Leaving the beach area we made our way back to the main hide overlooking the Laguna Grande.  Many more Shoveler and a resting Common Sandpiper as we approached the hide. A bare tree behind the wader held a quartet of Common along with a score of Spotless Starlings.  Immediately in front of the hide we had more than a handful of feeding Black-winged Stilt along with a couple of Greenshank and a single Redshank.  On the water nearby a handful of Coot and half-dozen Shelduck, The usual islands to the left held over forty Cormorant and a single Little Egret appeared at the back.  Towards the very back of the water a large flock of eighteen Black-necked Grebes were working their way from far left to right.  Gulls seemed to be mainly of the Yellow-legged variety.

Time to move back to the Laguna Escondida and settle in hoping to see the early evening sight of the Short-teared Owls.  By now it was very cold and the wind seemed even stronger, especially as it was blowing directly into our faces from the north. Lots of feeding Crag Martins and then the arrival of a single House Martin.  On the water itself just a handful of Coot.  With the weather showing no signs of improvement we decided it was probably far too windy for the owl to appear and decided to call it a day whilst we could still feel our fingers.

Common Sandpiper Andarrios Chico Actitis hypoleucos

Whilst the others moved off I remained for a few minutes to sort out my gear and was rewarded when a lone Barn Swallow flew past the front of the hide creating a lovely silhouette of body and long streamers, almost certainly a male.  Calling to the others who had almost reached the main track, Derek started back and then a cry from the rothers to look up.  Thinking they meant they had also seen the Barn Sallow we, too, joined them.  But no, not a Barn Swallow but Jerry had seen the second Marsh Harrier along with another which turned out to be a "Ring-tail" (female Hen Harrier) at a very high and distant point towards the hills.  What an end to the day and I have a sneaking suspicion that as a result of walking back to me Derek may have missed both the harrier and the swallow. 
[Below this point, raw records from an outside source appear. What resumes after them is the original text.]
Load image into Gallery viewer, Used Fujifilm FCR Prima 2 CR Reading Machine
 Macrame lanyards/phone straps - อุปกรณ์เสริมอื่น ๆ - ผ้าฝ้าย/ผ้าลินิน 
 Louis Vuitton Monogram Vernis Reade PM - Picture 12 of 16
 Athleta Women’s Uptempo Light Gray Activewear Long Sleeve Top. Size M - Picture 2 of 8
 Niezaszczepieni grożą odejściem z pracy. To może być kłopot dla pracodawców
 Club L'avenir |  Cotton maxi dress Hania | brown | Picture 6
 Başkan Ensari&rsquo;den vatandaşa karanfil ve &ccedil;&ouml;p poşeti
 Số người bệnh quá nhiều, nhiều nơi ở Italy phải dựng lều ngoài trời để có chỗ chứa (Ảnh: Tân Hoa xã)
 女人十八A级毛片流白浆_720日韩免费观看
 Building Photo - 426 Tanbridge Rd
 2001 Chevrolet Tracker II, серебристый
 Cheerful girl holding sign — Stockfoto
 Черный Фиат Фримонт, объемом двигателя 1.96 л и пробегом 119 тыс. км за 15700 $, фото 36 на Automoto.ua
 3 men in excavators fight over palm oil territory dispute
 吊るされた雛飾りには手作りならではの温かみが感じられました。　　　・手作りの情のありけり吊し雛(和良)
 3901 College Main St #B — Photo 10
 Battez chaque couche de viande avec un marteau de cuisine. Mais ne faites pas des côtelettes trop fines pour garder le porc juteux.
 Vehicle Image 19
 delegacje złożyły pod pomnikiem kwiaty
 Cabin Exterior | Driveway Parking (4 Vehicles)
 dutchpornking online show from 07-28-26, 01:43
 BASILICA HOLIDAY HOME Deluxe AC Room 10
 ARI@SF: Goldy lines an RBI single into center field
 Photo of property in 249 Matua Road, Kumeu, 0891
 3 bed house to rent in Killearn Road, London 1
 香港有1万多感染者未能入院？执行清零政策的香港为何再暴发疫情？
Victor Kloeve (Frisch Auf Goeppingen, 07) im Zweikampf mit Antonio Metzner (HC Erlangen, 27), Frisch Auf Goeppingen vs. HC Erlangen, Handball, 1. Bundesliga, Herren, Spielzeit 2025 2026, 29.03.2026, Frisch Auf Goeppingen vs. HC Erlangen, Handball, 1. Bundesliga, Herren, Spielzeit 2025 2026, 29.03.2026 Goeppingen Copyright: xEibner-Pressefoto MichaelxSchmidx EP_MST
Common Redshank Archibebe Comun Tringa totanus

Walking back to towards the bridge I noticed the Heron in the meadow and at the far end also picked up a male Sardinian Warbler.  So ended an enjoyable afternoon, despite the strong, cold wind, and in lovely company.

Birds seen:

Shelduck, Mallard, Shoveler, Little Grebe, Black-necked Grebe, Gannet, Cormorant, Little Egret, Heron, Flamingo, Coot, Osprey, Marsh Harrier, Hen Harrier, Buzzard, Kestrel, Coot, Black-winged Stilt, Redshank, Greenshank, Common Sandpiper, Great Skua, Lesser Black-backed Gull, Yellow-legged Gull, Collared Dove, Monk Parakeet, Crag Martin, Barn Swallow, House Martin, Meadow Pipit, White Wagtail, Black Redstart, Stonechat, Sardinian Warbler, Chiffchaff, Common Starling, Spotless Starling, House Sparrow, Greenfinch.